Gen. H. Norman Schwarzkopf, Jr., USA (Ret.), died Dec. 27, 2012, in Tampa, Fla., of complications from pneumonia. He was 78.
“With the passing of General H. Norman Schwarzkopf, America lost a great patriot and a great soldier,” said former Secretary of State Colin Powell, who had once served as Schwarzkopf’s subordinate. “Norm served his country with courage and distinction for over 35 years. The highlight of his career was the 1991 Persian Gulf War, Operation Desert Storm. ‘Stormin’ Norman’ led the coalition forces to victory, ejecting the Iraqi Army from Kuwait and restoring the rightful government. His leadership not only inspired his troops, but also inspired the nation.”
It was a quiet ending for the general the public dubbed “Stormin’ Norman,” and who was seen as America’s first post-Vietnam military hero. These, however, are just the dry facts behind a man who was the general entrusted to take the U.S. military into its first large-scale war since Vietnam. In fact, Schwarzkopf was a complex man and soldier who lived an American life like something out of a novel.

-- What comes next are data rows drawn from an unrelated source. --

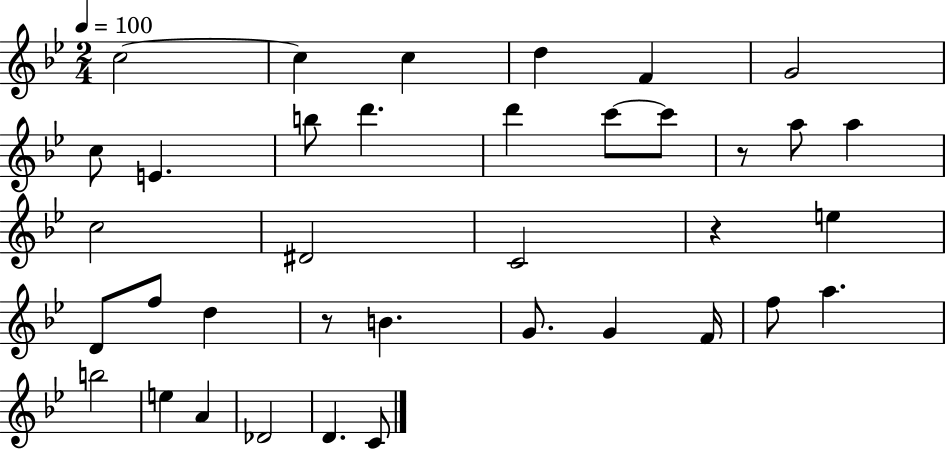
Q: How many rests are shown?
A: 3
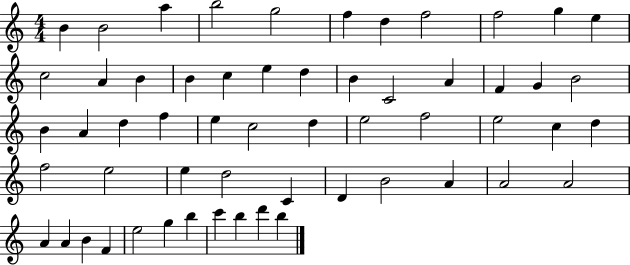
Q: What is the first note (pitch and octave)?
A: B4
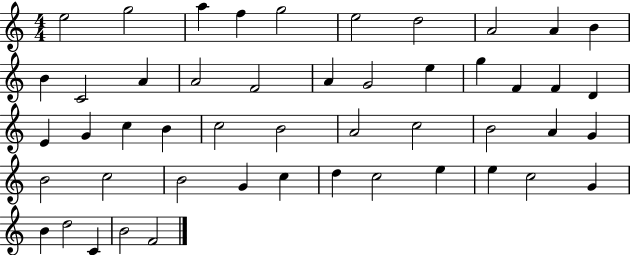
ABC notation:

X:1
T:Untitled
M:4/4
L:1/4
K:C
e2 g2 a f g2 e2 d2 A2 A B B C2 A A2 F2 A G2 e g F F D E G c B c2 B2 A2 c2 B2 A G B2 c2 B2 G c d c2 e e c2 G B d2 C B2 F2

H. Norman Schwarzkopf, Jr., was born in New Jersey in 1934, the son of the founder and superintendent of the New Jersey State Police. The elder Schwarzkopf gained national recognition during the investigation of the kidnapping of Charles Lindbergh’s son, and later went to Iran in 1946 to train the national police force (SAVAK) and to advise the young Shah, Reza Pahlavi. Accompanying his father overseas, young Schwarzkopf studied in Iran, Germany, Switzerland, and Italy, and providing him an early look at the Persian Gulf region that would figure so prominently in his later life. Following graduation from the U.S. Military Academy (43rd in the Class of 1958), he earned a masters degree in engineering at the University of Southern California, attended the U.S. Army War College, and taught missile engineering at West Point.
Like many other young Army officers of his era, Schwarzkopf served multiple tours in Vietnam. First as an advisor, then as a battalion commander, Schwarzkopf showed both the leadership qualities and fiery temper that would define him in the eyes of his peers in subsequent years. Those on the receiving end of his bluster famously knew his habit of explosively berating subordinates as “CINC Abuse.” He was said to have told his troops, “When you get on that plane to go home, if the last thing you think about me is ‘I hate that son of a bitch’, then that is fine because you’re going home alive.” His wife Brenda, and three children, family and friends, knew a more gentle soul they fondly called “the Bear.” Schwarzkopf’s combat decorations included no less than three Silver Stars, three Bronze Stars, nine Air Medals, and the Purple Heart, received for a wound that caused back problems that would dog him for much of his life.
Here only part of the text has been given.